Photo: Paul Rudderow
It happened in the 79th minute Saturday.
Gabriel Farfan collected a Gabriel Gomez cross off one bounce just inside the 18. He went left before Montreal’s Davy Arnaud flew back to mark him. So Farfan spun 360 degrees back to his right and blasted a shot on goal, forcing Donovan Ricketts to make a diving save, followed by a second stop when Lionard Pajoy blasted back the rebound.
Three thoughts come to mind:
- That was a crazy sequence.
- When was the last time Gabriel Farfan put a shot on goal?
- Wouldn’t you like to see it more often?
No fullback in the league combines the attacking instincts, tricky ball skills and guts to dazzle with them that Farfan has.
Yet, in 2,540 minutes of playing time, he’s taken just four shots on goal: One each the last two league games, and two against Toronto on May 28, 2011, when he scored a goal while deployed as a right midfielder.
Therein lies the issue: As good as he’s becoming at left back, he remains a right-sided midfielder at heart, limited by his defensive responsibilities from indulging his attacking brilliance.
In that way, Farfan is part of the unwanted legacy former Union manager Peter Nowak left behind.

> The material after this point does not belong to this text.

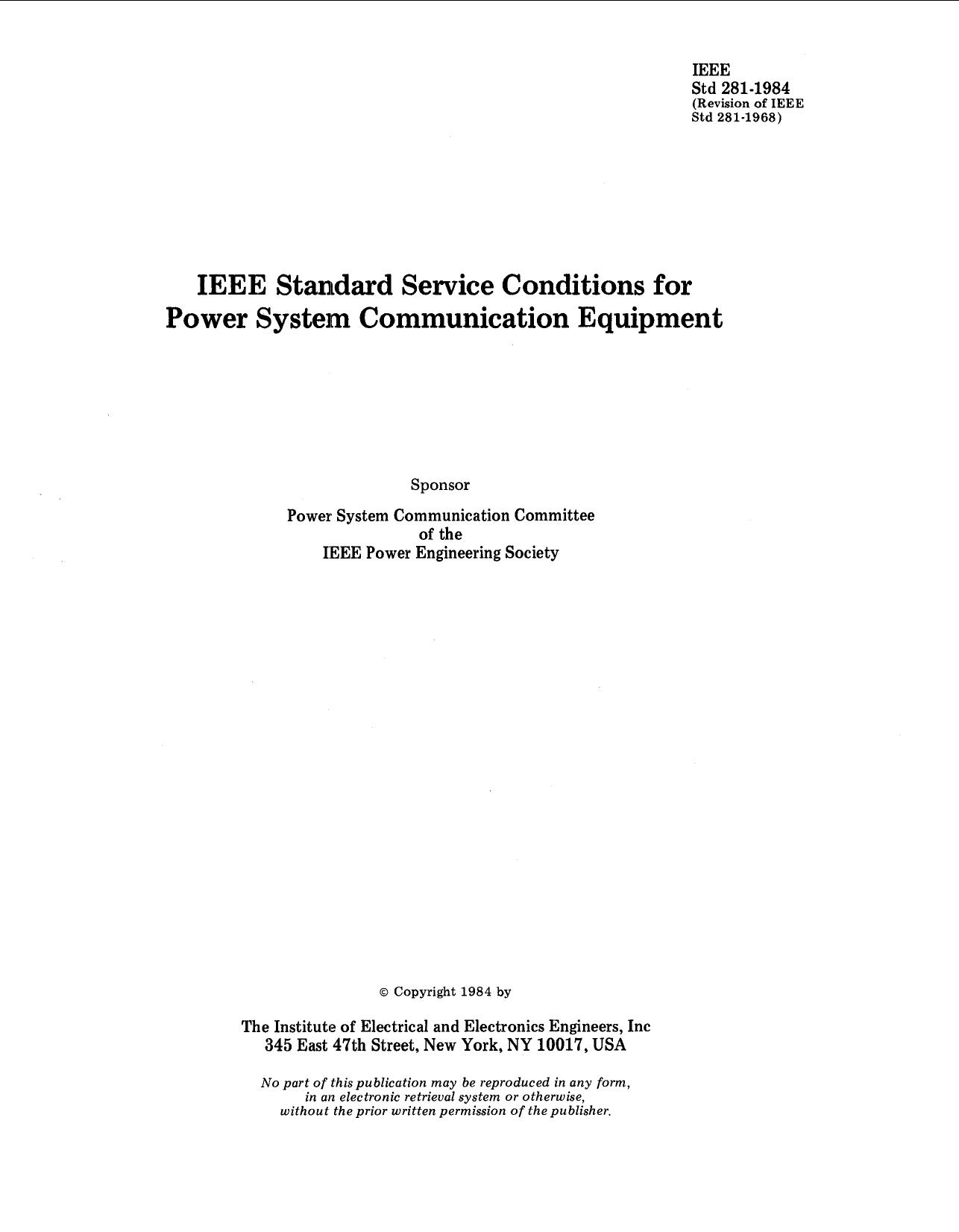 IEEE Standard Service Conditions For Power System Communication Equipment - IEEE Std 281-1984 by IEEE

The Union remain a team full of midfielders deployed out of position. That Farfan is flourishing as a left back doesn’t change that basic truth.

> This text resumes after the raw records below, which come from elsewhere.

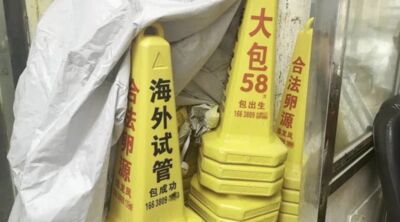 鄭州出現代孕「精卵可運出國」三角錐廣告 客服稱:58萬包成功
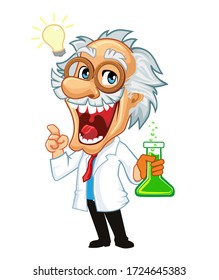 Scientist mascot cartoon in vector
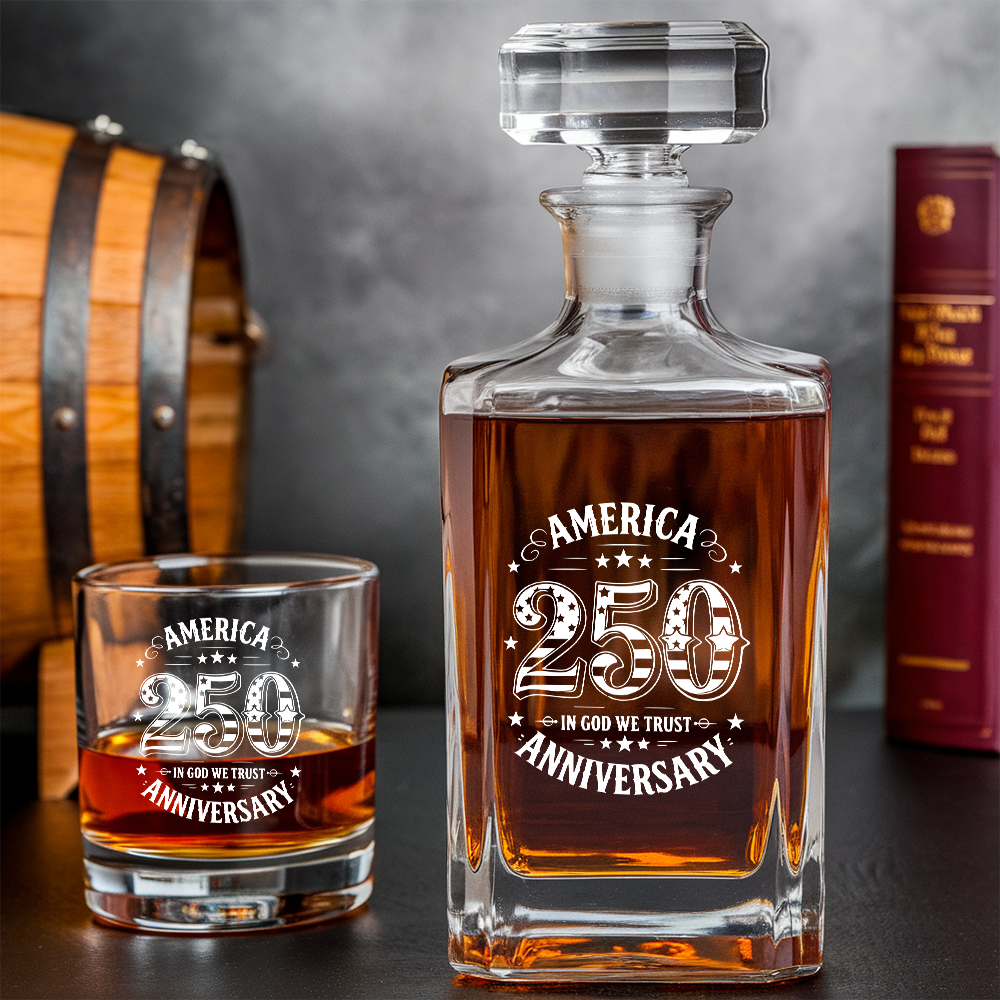 America 250 Years Anniversary Engraved Whiskey Decanter Set, Patriotic Bourbon Gift THUC99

And he is flourishing, to be clear. It’s taken a year, but he’s adjusting nicely to the left back role, in part because he’s not really a fullback.

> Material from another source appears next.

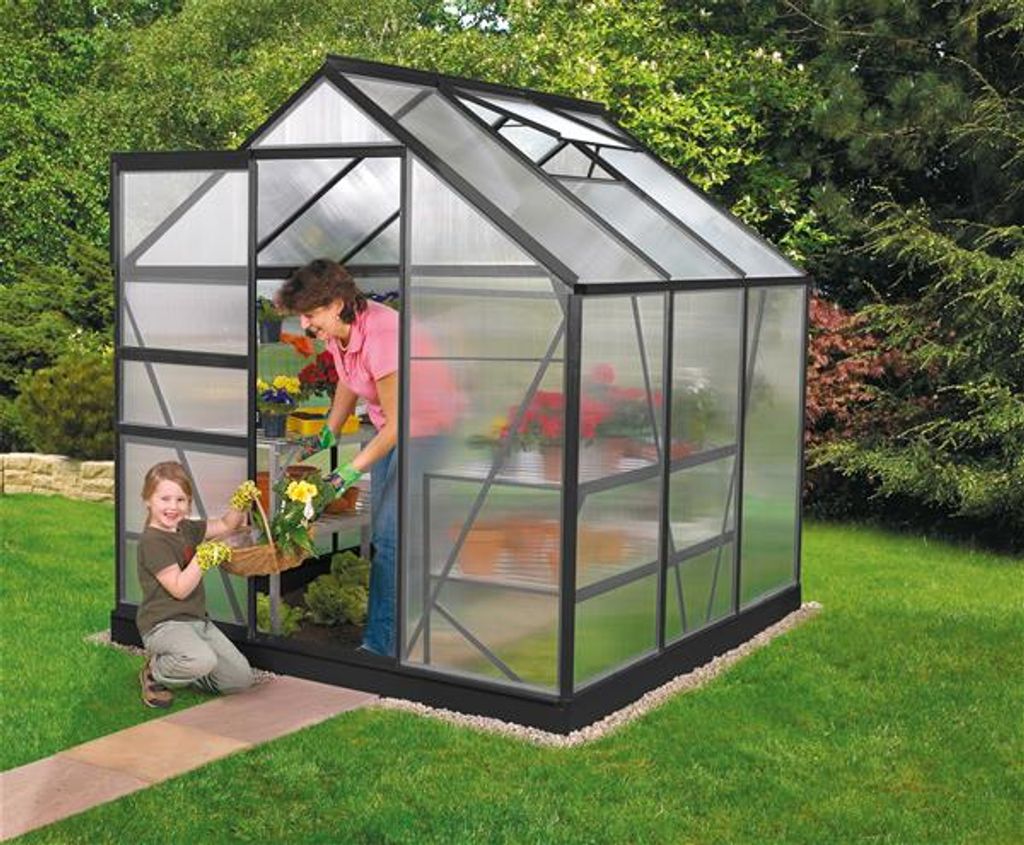 Gewächshaus Vitavia Venus 2500 Alu anthrazit 4mm HKP 2,5m²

The Union’s outside backs play more like wingbacks. Farfan and right back Sheanon Williams act as wide midfielders on offense but must maintain some attacking restraint because their defensive responsibilities are those of a fullback. Brian Carroll’s presence at defensive midfield alleviates this to a degree. He can drop deep in the center against counterattacks, allowing Carlos Valdes and Amobi Okugo to spread wide to cover the flanks long enough for the wingbacks to get back on defense. It’s a style of play you’ve seen before in Spain.
In this system, Farfan looks on his way to becoming one of the best left backs in the US player pool.
Still, one can’t help but imagine what he could do if freed to play regularly as a wide midfielder, unrestrained by the need to run 70 yards back to cover the defensive left flank. Though he’s improved his defending, it remains his weakness as a left back. He has similar attacking instincts as his twin brother, Michael. Picture Gabriel Farfan making the runs he sees that other wingers are missing or sending the visionary through balls we occasionally see from him (and his brother), despite his defensive role.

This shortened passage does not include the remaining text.